The data:
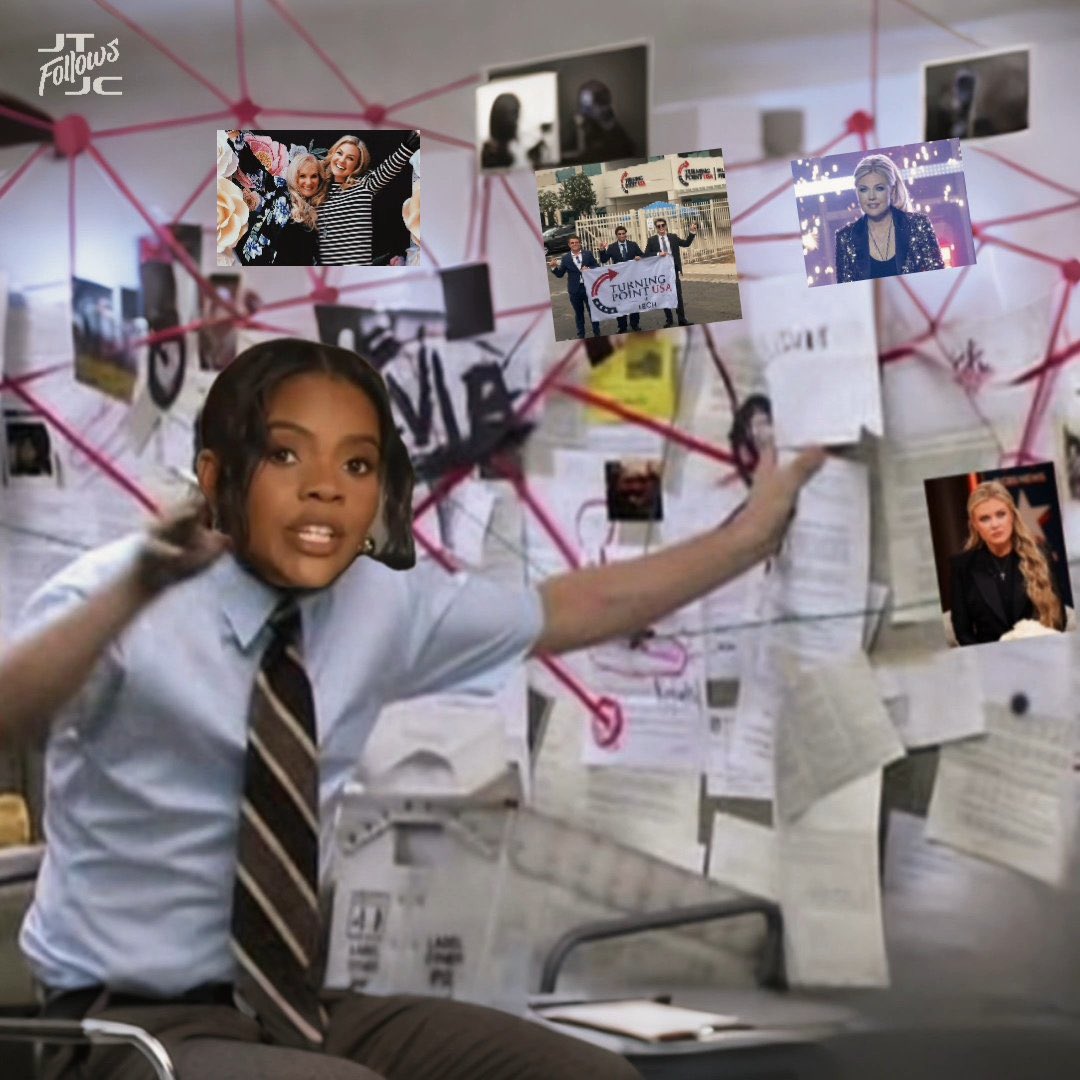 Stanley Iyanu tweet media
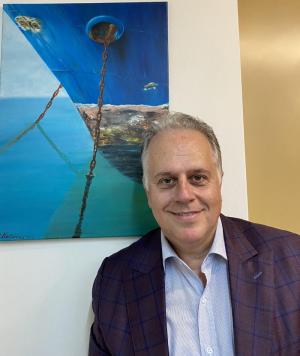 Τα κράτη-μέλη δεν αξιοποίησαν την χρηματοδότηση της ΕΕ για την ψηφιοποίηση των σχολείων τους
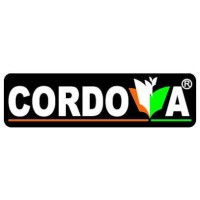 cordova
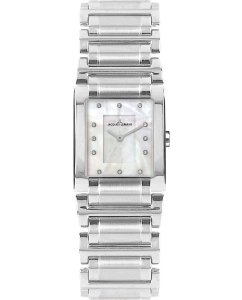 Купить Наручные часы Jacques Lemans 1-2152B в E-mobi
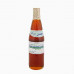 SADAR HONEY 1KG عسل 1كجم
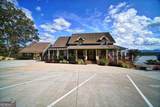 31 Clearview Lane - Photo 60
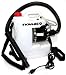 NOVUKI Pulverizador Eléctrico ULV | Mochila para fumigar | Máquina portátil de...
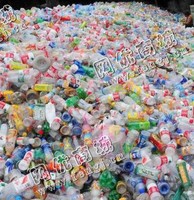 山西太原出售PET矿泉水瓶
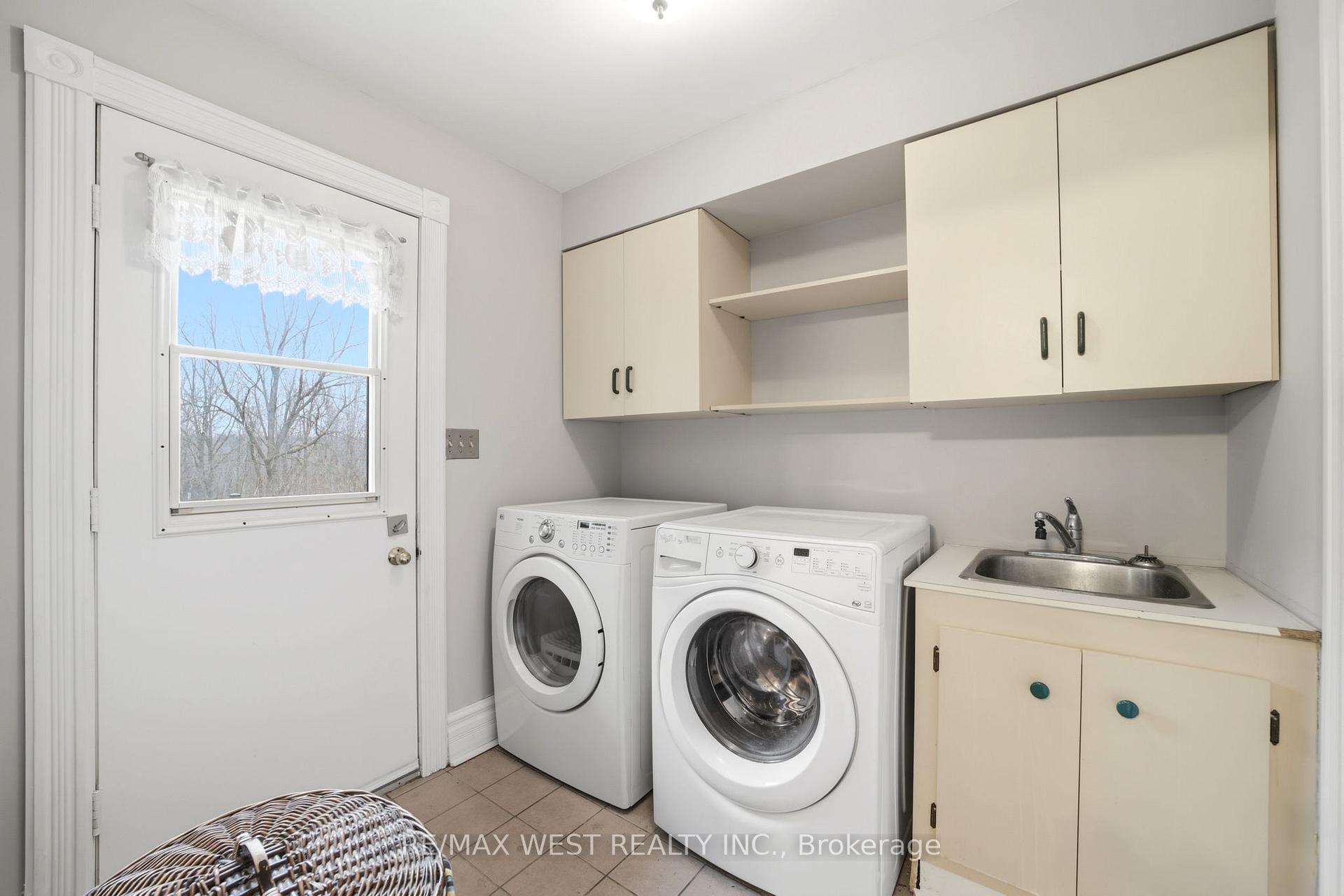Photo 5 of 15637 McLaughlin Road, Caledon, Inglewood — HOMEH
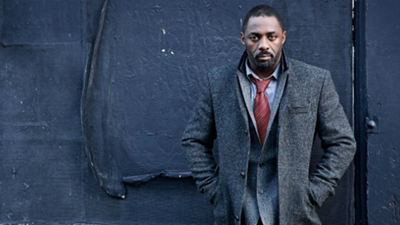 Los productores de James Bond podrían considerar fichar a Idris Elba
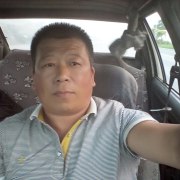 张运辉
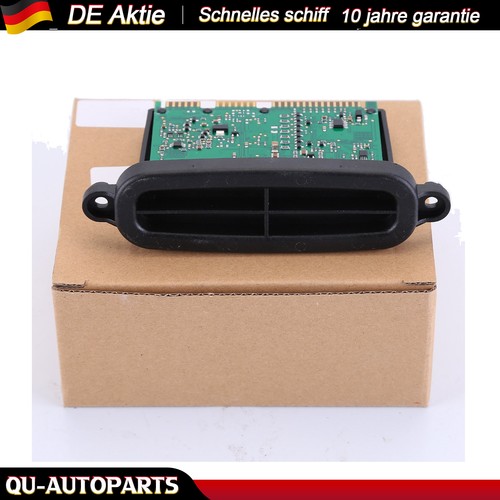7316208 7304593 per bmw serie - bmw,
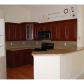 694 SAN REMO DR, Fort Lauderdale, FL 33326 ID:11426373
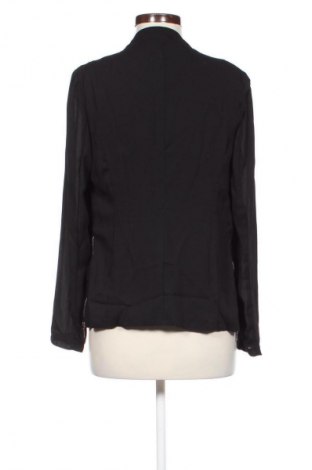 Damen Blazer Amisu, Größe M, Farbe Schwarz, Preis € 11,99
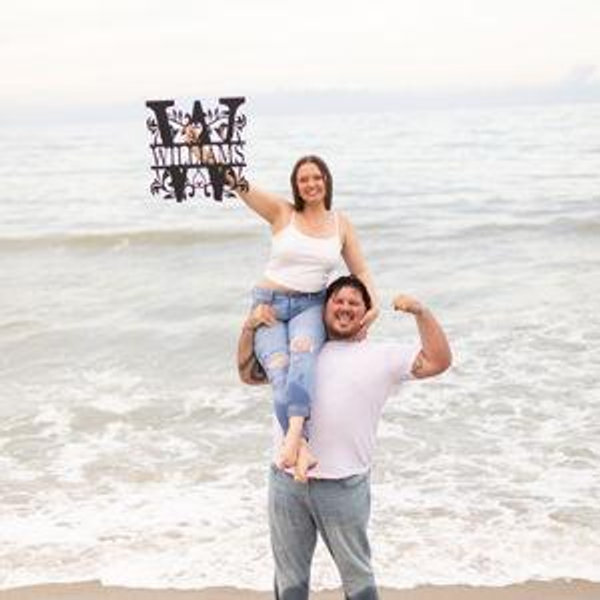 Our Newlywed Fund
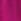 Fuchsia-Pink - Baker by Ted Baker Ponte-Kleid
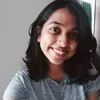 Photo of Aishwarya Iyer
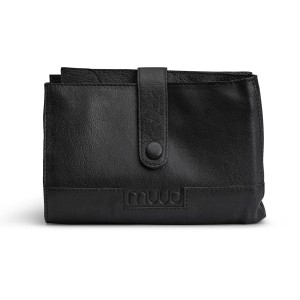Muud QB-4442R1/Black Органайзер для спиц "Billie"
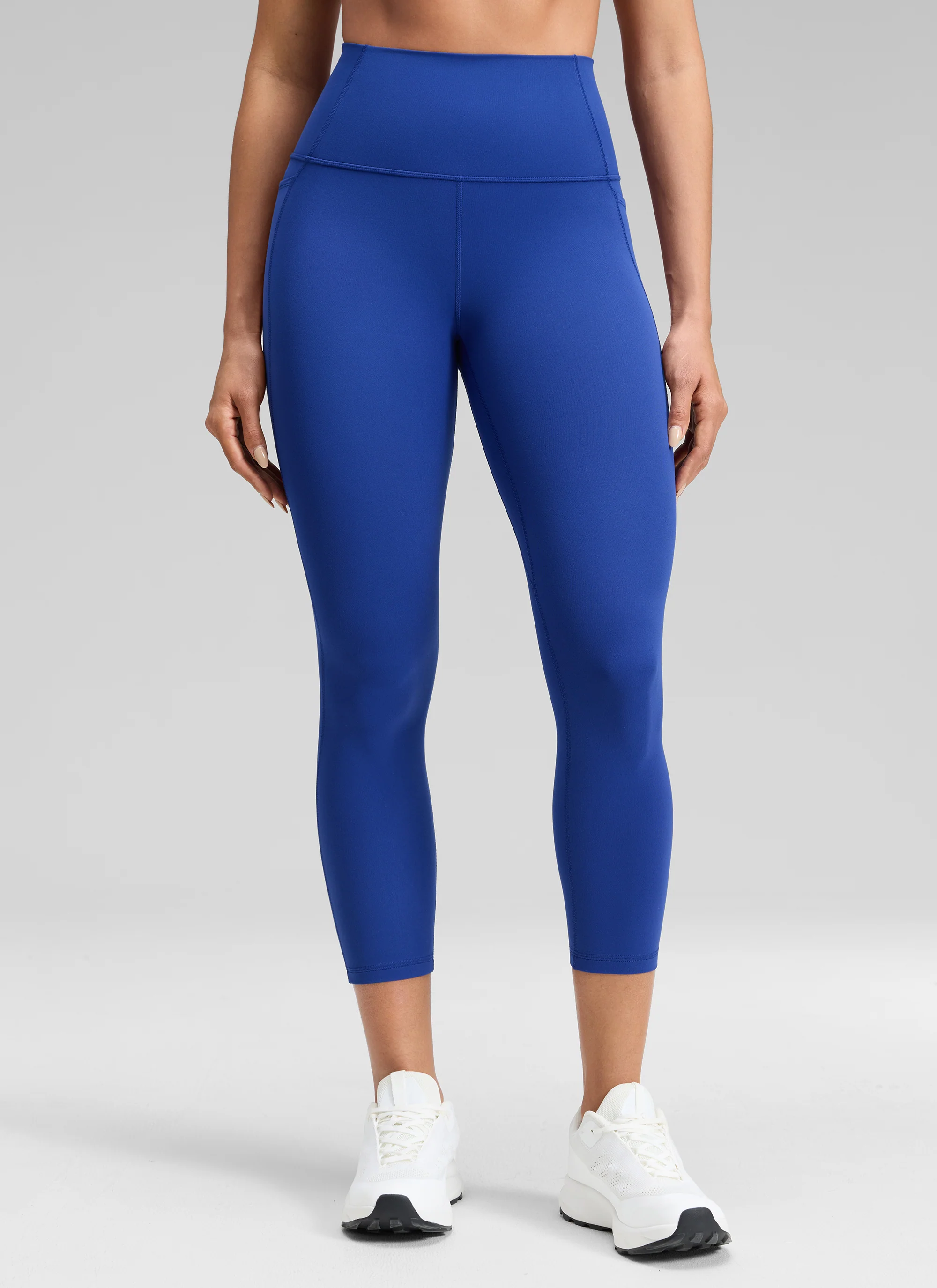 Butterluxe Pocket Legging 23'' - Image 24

Task to carry out:
Copy the material verbatim. The pictures are not part of the copy.

Answer space:
 Stanley Iyanu tweet media
 Τα κράτη-μέλη δεν αξιοποίησαν την χρηματοδότηση της ΕΕ για την ψηφιοποίηση των σχολείων τους
 cordova
 Купить Наручные часы Jacques Lemans 1-2152B в E-mobi
 SADAR HONEY 1KG عسل 1كجم
 31 Clearview Lane - Photo 60
 NOVUKI Pulverizador Eléctrico ULV | Mochila para fumigar | Máquina portátil de...
 山西太原出售PET矿泉水瓶
Photo 5 of 15637 McLaughlin Road, Caledon, Inglewood — HOMEH
 Los productores de James Bond podrían considerar fichar a Idris Elba
 张运辉
7316208 7304593 per bmw serie - bmw,
 694 SAN REMO DR, Fort Lauderdale, FL 33326 ID:11426373
 Damen Blazer Amisu, Größe M, Farbe Schwarz, Preis € 11,99
 Our Newlywed Fund
 Fuchsia-Pink - Baker by Ted Baker Ponte-Kleid
 Photo of Aishwarya Iyer
Muud QB-4442R1/Black Органайзер для спиц "Billie"
 Butterluxe Pocket Legging 23'' - Image 24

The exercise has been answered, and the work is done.